2. Effect of Carbohydrate Intake on Athletic Performance: The intake of a small amount of carbohydrates (10 g/hour) significantly extended TTE performance across all dietary conditions, with an average increase of 22%. This effect was primarily achieved by preventing EIH rather than by increasing the rate of carbohydrate oxidation.
3. Metabolic Adaptation Process: The LCHF diet significantly reduced 24-hour glucose concentrations, but these normalized after four weeks, while blood ketone levels also stabilized. This suggests that the LCHF diet requires at least a four-week adaptation period to achieve metabolic homeostasis.
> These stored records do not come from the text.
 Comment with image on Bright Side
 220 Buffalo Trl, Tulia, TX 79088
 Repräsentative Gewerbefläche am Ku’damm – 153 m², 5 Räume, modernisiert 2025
Discussion and Implications

The results of this study challenge the traditional view that high carbohydrate intake is crucial for sustaining prolonged endurance exercise performance. The findings indicate that the LCHF diet does not impair athletic performance, and the intake of a small amount of carbohydrates can significantly enhance performance by preventing EIH. Additionally, the study revealed changes in metabolic homeostasis during the LCHF dietary adaptation process, emphasizing the importance of a four-week adaptation period.

These findings have important implications for athletes’ nutritional strategies. Firstly, the LCHF diet can serve as an alternative dietary option for endurance athletes, especially when there is a need to reduce carbohydrate intake. Secondly, the effectiveness of a small amount of carbohydrate intake during prolonged exercise suggests that athletes do not need to consume large amounts of carbohydrates to maintain performance, providing new insights for optimizing sports nutrition strategies.

Research Highlights

1. Feasibility of the LCHF Diet: The study is the first to demonstrate that the LCHF diet can sustain prolonged high-intensity exercise performance, challenging the conventional high-carbohydrate diet concept.
2. Effectiveness of Small Amounts of Carbohydrate Intake: The study found that consuming only a small amount of carbohydrates can significantly improve athletic performance by preventing EIH, offering a new direction for optimizing sports nutrition strategies.
3. Metabolic Adaptation Time: The study revealed changes in metabolic homeostasis during the LCHF dietary adaptation process, emphasizing the importance of a four-week adaptation period.

Conclusion

Through a randomized crossover design, this study systematically evaluated the impact of LCHF and HCLF diets on endurance exercise performance. The results show that the LCHF diet does not impair athletic performance, and the intake of a small amount of carbohydrates can significantly enhance performance by preventing EIH. These findings provide new scientific evidence for athletes’ nutritional strategies and lay the groundwork for further research on the application of the LCHF diet in sports.